On 4 December 2010 , he was released in order to commence thirty months ’ military service in Holms , but he was exempted after one month because he suffered from heart problems.
He was also summoned to appear before the court in Holms to explain about his conviction in Denmark . It appears that that case is still pending. He feared being convicted anew and sentenced to up to ten years ’ imprisonment.
The applicant ’ s wife and their child went to Syria to visit him.
On 12 September 2011 , the applicant ’ s representative informed the Court that the applicant had fled Syria and entered Greece , where he was detained.
On 21 November 2011, the applicant ’ s representative informed the Court that the applicant had entered Sweden and requested asylum there.
COMPLAINTS
On 8 October 2010, the applicant complained that his deportation to Syria would be in violation of Article 8 of the Convention.
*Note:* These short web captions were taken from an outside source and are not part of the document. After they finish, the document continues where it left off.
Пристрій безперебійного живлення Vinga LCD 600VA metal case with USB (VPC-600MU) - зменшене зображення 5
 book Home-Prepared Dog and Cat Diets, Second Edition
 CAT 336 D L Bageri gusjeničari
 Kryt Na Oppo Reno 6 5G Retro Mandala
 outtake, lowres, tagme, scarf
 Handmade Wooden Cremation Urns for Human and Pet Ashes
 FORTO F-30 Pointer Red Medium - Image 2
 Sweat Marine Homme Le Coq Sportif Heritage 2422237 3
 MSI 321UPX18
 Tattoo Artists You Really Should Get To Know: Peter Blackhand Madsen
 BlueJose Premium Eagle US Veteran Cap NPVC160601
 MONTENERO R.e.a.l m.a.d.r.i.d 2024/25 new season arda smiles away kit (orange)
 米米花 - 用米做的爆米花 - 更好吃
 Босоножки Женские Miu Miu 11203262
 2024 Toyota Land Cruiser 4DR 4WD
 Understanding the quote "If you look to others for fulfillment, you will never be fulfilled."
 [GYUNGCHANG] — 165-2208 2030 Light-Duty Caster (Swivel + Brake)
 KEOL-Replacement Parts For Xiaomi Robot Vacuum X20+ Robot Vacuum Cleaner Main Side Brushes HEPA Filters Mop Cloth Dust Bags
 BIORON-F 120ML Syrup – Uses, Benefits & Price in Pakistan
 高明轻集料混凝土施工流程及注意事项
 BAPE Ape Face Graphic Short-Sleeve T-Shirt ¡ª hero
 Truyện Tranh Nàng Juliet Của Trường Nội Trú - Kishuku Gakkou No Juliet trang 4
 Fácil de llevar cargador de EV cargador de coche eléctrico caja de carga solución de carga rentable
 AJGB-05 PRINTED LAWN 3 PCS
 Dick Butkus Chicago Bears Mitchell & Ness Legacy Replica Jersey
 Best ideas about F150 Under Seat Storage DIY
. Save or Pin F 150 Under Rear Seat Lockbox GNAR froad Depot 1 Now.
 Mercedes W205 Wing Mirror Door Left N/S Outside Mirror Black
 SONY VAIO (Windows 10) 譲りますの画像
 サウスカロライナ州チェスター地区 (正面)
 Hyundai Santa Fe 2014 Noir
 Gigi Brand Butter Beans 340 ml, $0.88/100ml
On 2 December 2010, he also complained that his deportation to Syria had been in violation of Article 3 of the Convention in that the Danish authorities should have been aware that he would risk being subjected to torture upon return.
QUESTIONS TO THE PARTIES
1. Having regard to the applicant ’ s submissions before the Aliens Service and the Refugee Appeals Board, has the applicant exhausted domestic remedies as to his allegation that he was subjected to torture upon return by the Syrian authorities in connection with their inquiries into his conviction in Denmark, and his complaint brought before the Court under Article 3 of the Convention that the Danish authorities should have been aware of this risk?
2. Was it in breach of Article 3 of the Convention to implement the applicant ’ s deportation order and return him to Syria on 3 November 2010?
3. Has the applicant complied with the six months time limit relating to the complaint that the original deportation order, which became final on 25 August 2006, contravened his right to respect for “private life” and for “family life?
4. Was it in breach of Article 8 of the Convention to implement the applicant ’ s deportation order and return him to Syria on 3 November 2010?